Japan’s Sumitomo Chemical has begun construction of a pilot facility to trial production of propylene directly from ethanol, which is attracting attention as a sustainable chemical raw material if derived from biomass. The project is supported by the government-linked NEDO Green Innovation (GI) Fund.
The Company plans to complete construction of the pilot facility at its Sodegaura site in Chiba Prefecture by the first half of 2025 and accelerate efforts aimed at commercial deployment.
Ethanol can be produced from biomass such as sugarcane and corn, and it is also anticipated that technology for manufacturing ethanol at scale from combustible waste, waste plastics or CO2 will be developed in the near future. Expectations are thereby rising for ethanol as a sustainable essential chemical raw material.
Sumitomo’s process to produce propylene directly from ethanol has the advantage of being compact and low-cost compared to existing processes that involve multiple intermediates. Additionally, hydrogen is generated simultaneously as a by-product.

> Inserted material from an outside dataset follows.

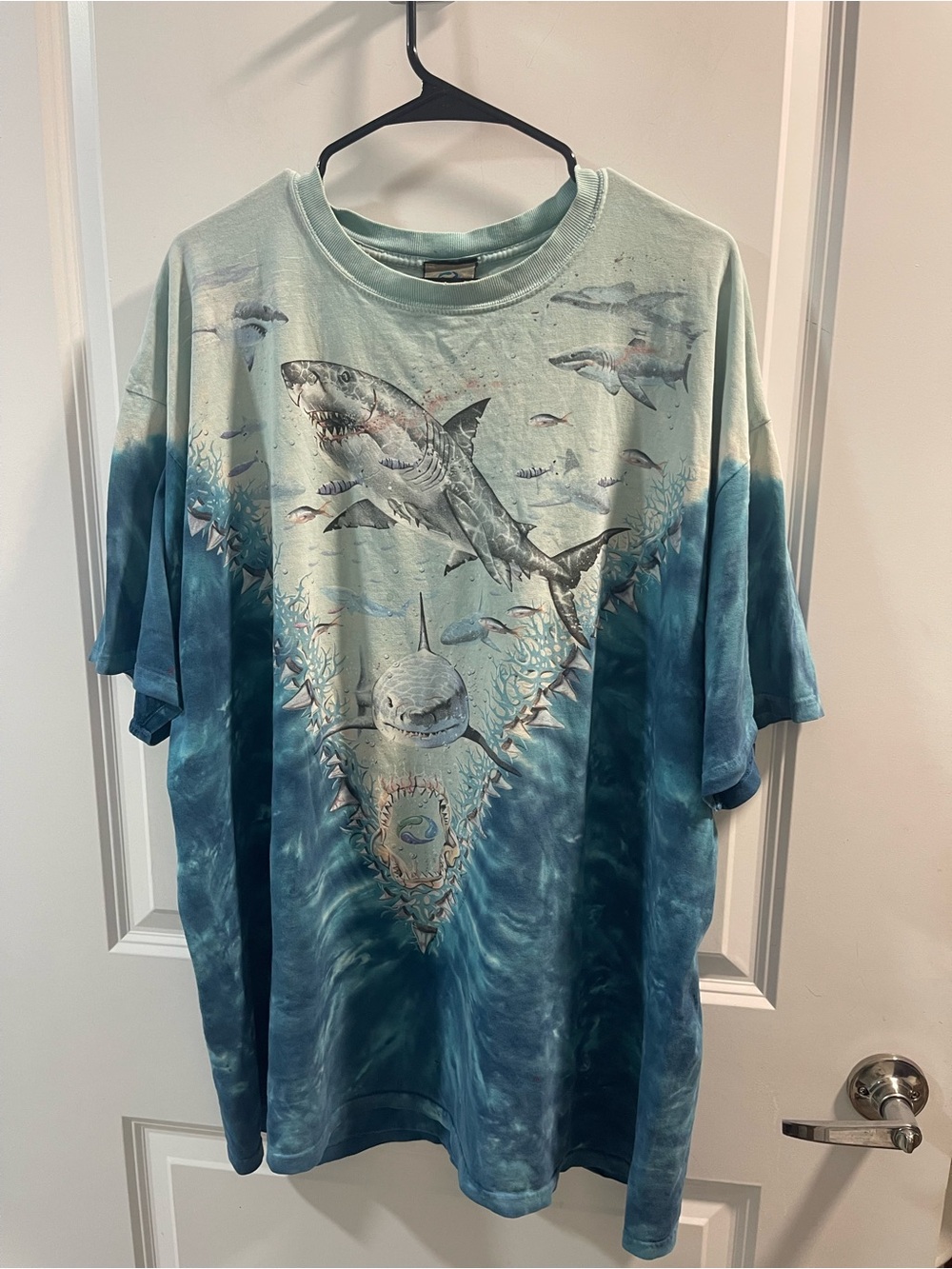 Liquid Blue Ocean Shark Graphic Tee in Teal and Navy Have Some Flawed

Image courtesy of Sumitomo Chemical
Sumitomo Chemical will acquire the necessary data for scaling the process for commercial production from the pilot facility, while also providing samples of polypropylene using the propylene produced in the pilot facility for customer evaluation. The Company aims to start commercial production with the new process, as well as licensing of the technology to other companies, by the early 2030s.